──────── RECORDS FOR PROCESSING

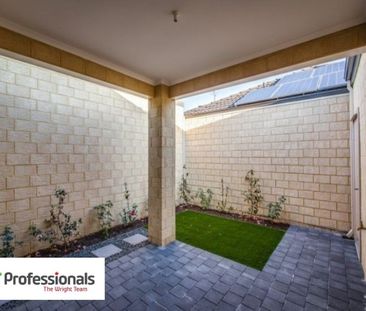 Modern 3-Bedroom, 2-Bathroom Corner Villa in Quiet Pearsall - Photo 5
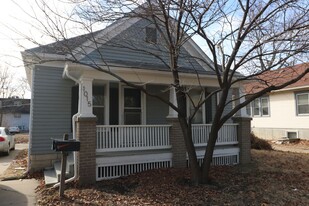1015 Bertrand St in Manhattan, KS - Building Photo
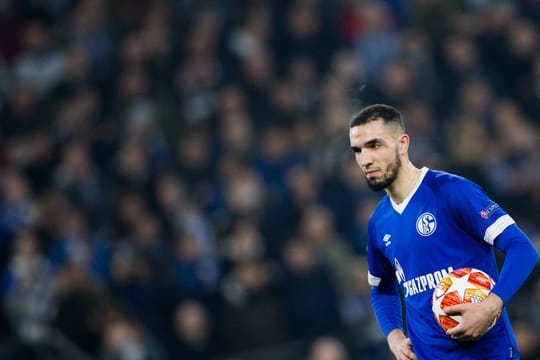 Werder Bremen würde den beim FC Schalke 04 ausgemusterten Nabil Bentaleb gern verpflichten.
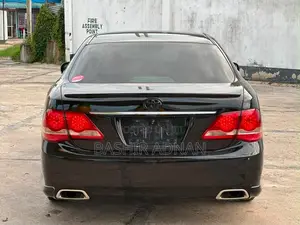 Toyota Crown 2009 Matt Black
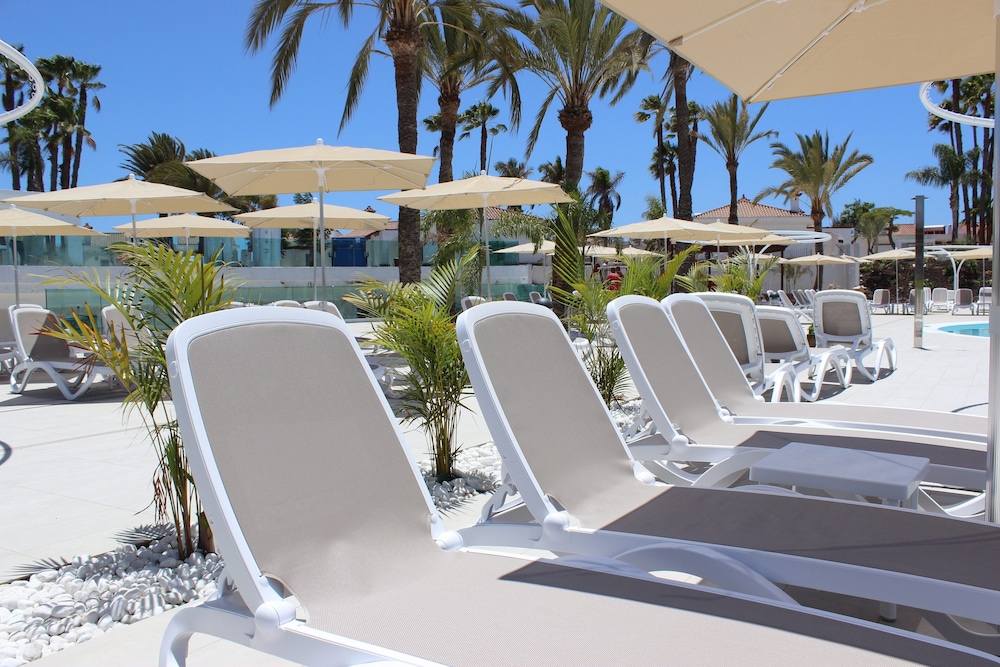 Hotel LIVVO Dunagolf Suites — Beach in Maspalomas, Canary Islands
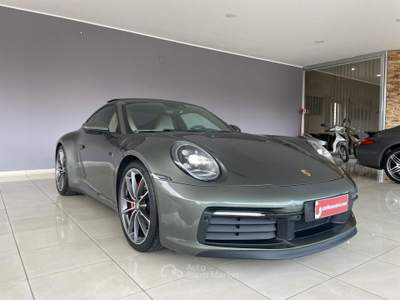 Porsche 911 992 Carrera S Verde usata Calvi Risorta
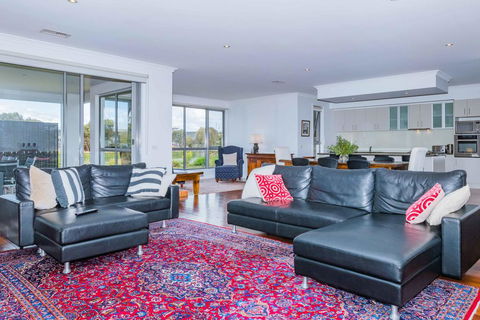 Lahinch Mews - Family Bookings Only - Darwin Holiday 1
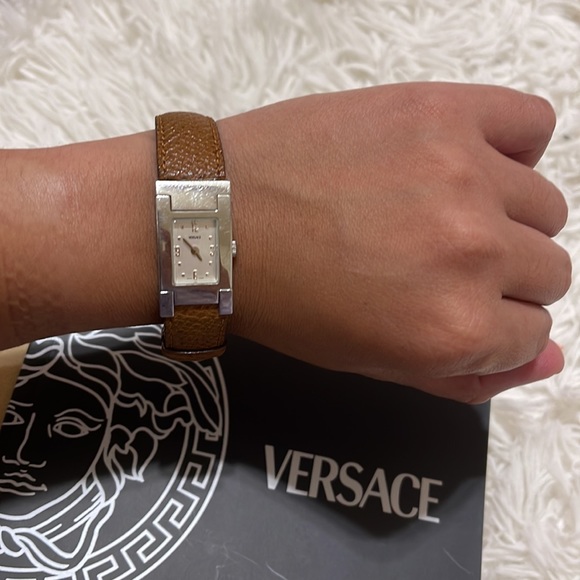 Versace women’s water resistant watch 17mm - Picture 14 of 16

────────────────

**INSTRUCTIONS TO FOLLOW**. Exact duplicates of all the entries are required, and no image may appear in them.

**RESPONSE TO THIS EXERCISE**.
 Modern 3-Bedroom, 2-Bathroom Corner Villa in Quiet Pearsall - Photo 5
1015 Bertrand St in Manhattan, KS - Building Photo
 Werder Bremen würde den beim FC Schalke 04 ausgemusterten Nabil Bentaleb gern verpflichten.
 Toyota Crown 2009 Matt Black
 Hotel LIVVO Dunagolf Suites — Beach in Maspalomas, Canary Islands
 Porsche 911 992 Carrera S Verde usata Calvi Risorta
 Lahinch Mews - Family Bookings Only - Darwin Holiday 1
 Versace women’s water resistant watch 17mm - Picture 14 of 16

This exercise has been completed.